Lately, the Boeing 777X (BA) has made headlines for the wrong reasons. This week, Aerotime reported that the European Aviation Safety Agency approved Airbus to add more seats to its A350-1000 variant. Notably, 40 additional seats could mean a lot for a plane and carrier. Usually, airlines run on a thin margin. As a result, having 40 extra seats makes a big difference. Airbus A350-1000 getting approval to add more seats is a significant development in my opinion. With the added seats, the A350-1000 will have more firepower to compete against the Boeing 777X, which has faced multiple delays.
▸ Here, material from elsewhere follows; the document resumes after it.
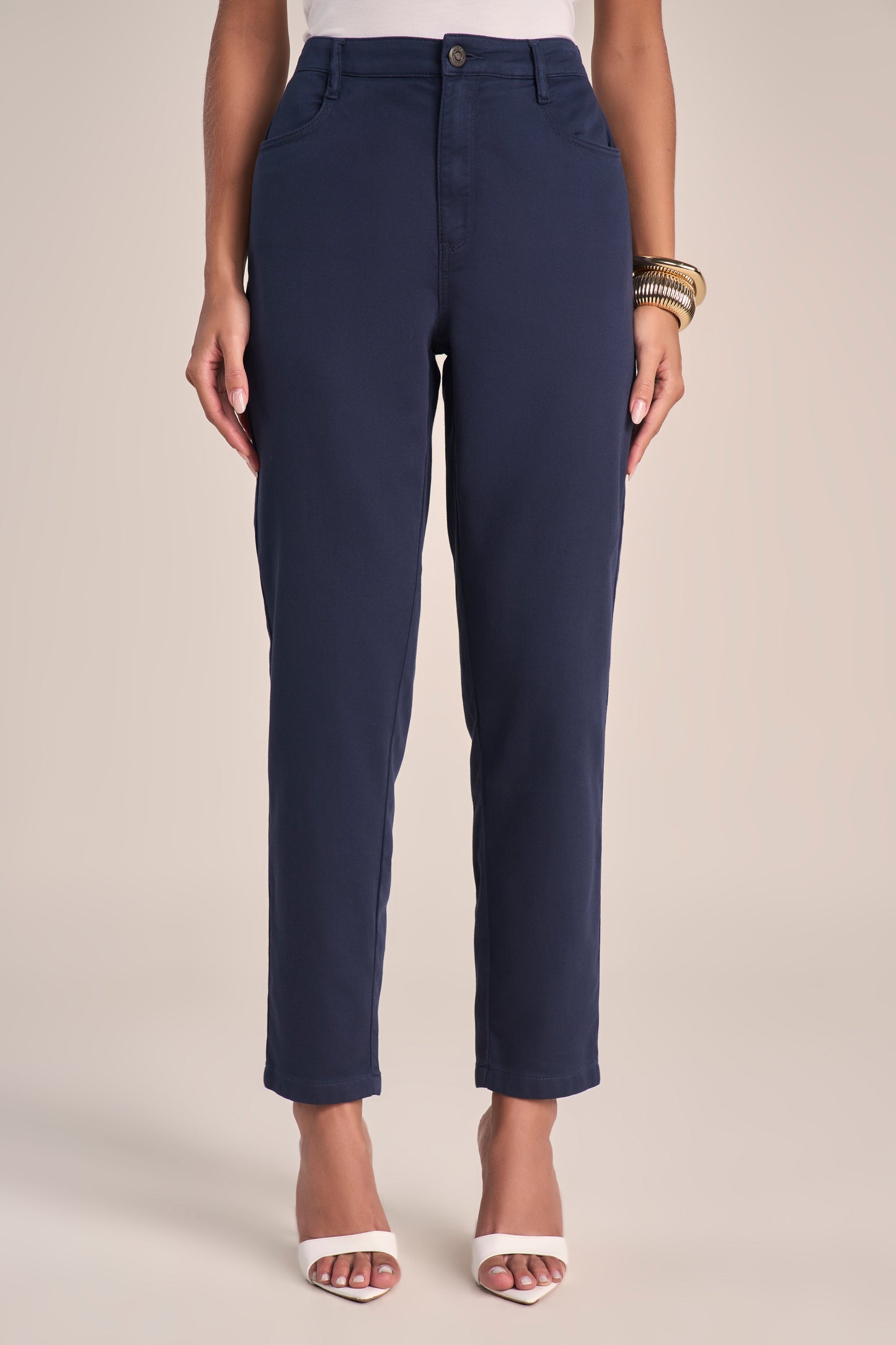 Calça Sarja Color Mom Cintura Intermediária Cós de Elástico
Is the Boeing 777X in trouble?
The Boeing 777X was supposed to fly in the first half of 2019. However, the plane faced delays due to GE’s (GE) GE9X engines. In October, Boeing said that 777X deliveries were delayed until 2021. The Boeing 777X’s first customer, Emirates, shifted part of its order for the 777X to 787 Dreamliners. Emirates decided to order 30 787-9 Dreamliners as part of its revamp. The order is valued at about $9 billion. Emirates wants to replace its fleet of older Airbus A380s.
Last week, The Seattle Times reported new details about the Boeing 777X stress test in the third quarter. Earlier, the newspaper reported that the test plane’s door blew out during a load test. According to the report, the 777X’s fuselage tore off during that test at a 99% stress level. The results could delay the 777X’s long-awaited sky debut, although the company denied the claims.
Airbus gains on the 737 MAX 8 crisis
Boeing’s 737 MAX 8 is still grounded. Most airlines don’t expect the 737 MAX to be back before March. The delay helped Airbus, which has delivered more than twice as many planes as Boeing this year. United Airlines ordered 50 units of the Airbus A321XLR to replace its aging fleet of 757s. Boeing curbed the decision about whether to build its new midmarket airplane, dubbed the “Boeing 797,” until the 737 MAX crisis is resolved. With the delayed 737 MAX resolution, more airlines might go with the Airbus A321XLR.
In July, United Airlines CFO Gerry Laderman said, “As we always do, we have conversations with both manufacturers about their products, and Boeing is aware – and this is not just us – that the industry is wanting to know the timing on the NMA.” With Boeing’s 737 MAX, 777X, and 797 projects in trouble, Airbus might be winning the war against Boeing on more than one battlefield.